KÇÖ ödemeleri İşsizlik Sigortası Fonu’ndan yapılıyor. Yandaş basına göre fonunun, geçen yıl toplam geliri 40,4 milyar TL. Pandemi döneminde KÇÖ için yapılan ödemlerin ise 723 milyon TL tutarında. Bu durumda daha fazla işçinin ve hatta işsizin şart koşul aranmaksızın KÇÖ’den ve İşsizllik Sigortası’ndan yararlanması, yararlanma durumunda ise eksik maaş almaması mümkün.

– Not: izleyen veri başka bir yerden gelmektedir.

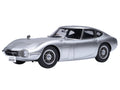 1967 Toyota 2000GT RHD (Right Hand Drive) Silver Metallic 1/18 Model Car by Autoart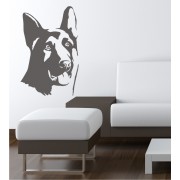 Schäferhund  als Wandtattoo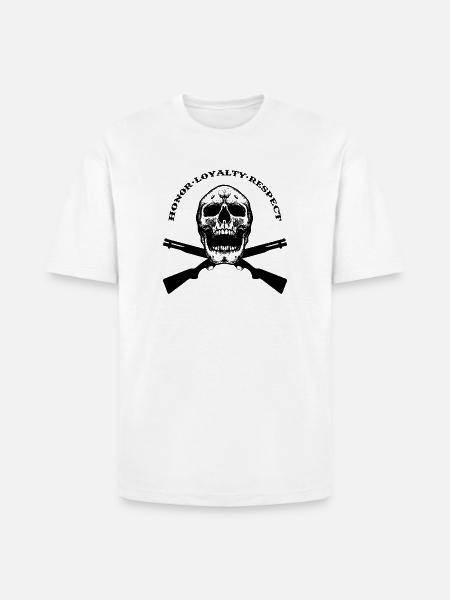 HONOR LOYALTY RESPECT - Heavyweight Unisex T-Shirt HAMMER by Gildan - white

Ama burada amaç işçiyi insanca koşullarda yaşatmak değil, sermayeye nefes aldırmak. Bu tercih de sınıfsal bir tercih. Pandemi dönemi önlemlerinde bir kez daha idrak ettiğimiz gibi İktidar sermayenin iktidarıdır, öncelik onların önceliğidir. İzledikleri yol ile pandemiyi bir işçi sınıfı hastalığı haline dönüştürenler, yine bu süreçte göz göre göre işçilerin hem ekmeğinden hem geleceğinden eksiltiyor
Emek alanında örgütlü ve kitlesel bir mücadele ile AKP’nin bu tercihin sonuçlarıyla yüzleşmesini sağlamak zorundayız.